E poi sono andata a stare a New York e un nuovo stile di vita si è imposto sulle mie giornate. Nel giro di una settimana, avevo già preso pieno possesso di quella che sarebbe stata la mia nuova identità per quel soggiorno. Cinque chili in meno, pantaloni neri dentro gli stivali, unghie cortissime, un fiore tra i capelli legati. Sempre un filo di trucco, sempre un sorriso sulle labbra. Parlavo quattro lingue contemporaneamente, davo lezioni di italiano, frequentavo ristoranti messicani e tornavo a casa in taxi a notte fonda. E poi, verso la fine del mio soggiorno, me ne sono andata tutta sola a vedere il sole tramontare in California. Non ho fatto nemmeno una torta durante il mio soggiorno a New York, non ero più la persona che ero stata pochi mesi prima a Toronto, ero qualcun altro. A New York ero di passaggio, ero una ventata d'aria nelle vite delle persone che ho conosciuto. Sono tornata, e quella ventata è sparita. Anche quell'identità di appena pochi mesi fa non fa più parte di me.

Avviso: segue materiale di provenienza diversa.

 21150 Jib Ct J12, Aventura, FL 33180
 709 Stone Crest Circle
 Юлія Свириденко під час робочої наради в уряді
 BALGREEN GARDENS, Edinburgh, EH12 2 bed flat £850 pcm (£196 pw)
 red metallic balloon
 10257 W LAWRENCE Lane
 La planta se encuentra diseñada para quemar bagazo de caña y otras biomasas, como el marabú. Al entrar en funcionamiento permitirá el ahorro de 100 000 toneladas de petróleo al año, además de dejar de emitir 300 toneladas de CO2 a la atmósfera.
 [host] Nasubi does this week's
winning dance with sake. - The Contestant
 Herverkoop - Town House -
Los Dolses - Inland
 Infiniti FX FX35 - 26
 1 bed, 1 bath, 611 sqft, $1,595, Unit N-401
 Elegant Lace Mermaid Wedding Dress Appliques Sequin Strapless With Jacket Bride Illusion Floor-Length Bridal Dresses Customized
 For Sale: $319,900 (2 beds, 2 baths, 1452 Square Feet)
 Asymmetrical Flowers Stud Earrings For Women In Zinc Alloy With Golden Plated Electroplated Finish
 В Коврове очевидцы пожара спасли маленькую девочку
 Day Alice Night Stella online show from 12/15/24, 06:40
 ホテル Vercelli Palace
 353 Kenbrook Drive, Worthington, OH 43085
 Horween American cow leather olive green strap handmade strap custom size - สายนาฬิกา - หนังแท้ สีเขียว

Ora mi sono trasferita a Cracovia e so che sto di nuovo cambiando. Non sono la persona che ero a New York, non sono la persona che ero nei miei viaggi precedenti, e so di non essere nemmeno la persona che sono quando vivo a casa mia. Non ho ancora del tutto inquadrato la mia nuova identità, ma sento che si sta forgiando. Perché mi succede? Non lo so. Credo sia qualcosa che va oltre lo spirito di adattamento a un nuovo posto. È più una necessità di dover cambiare qualcosa di se stessi in modo da essere in grado di funzionare in un ambiente diverso da quello in cui si è cresciuti. Una sorta di manovra di sopravvivenza che protegge l'identità che si ha alla partenza e la mantiene intatta per quando si fa ritorno. E che rende facile, diciamolo, il procedimento di adattamento a un nuovo posto.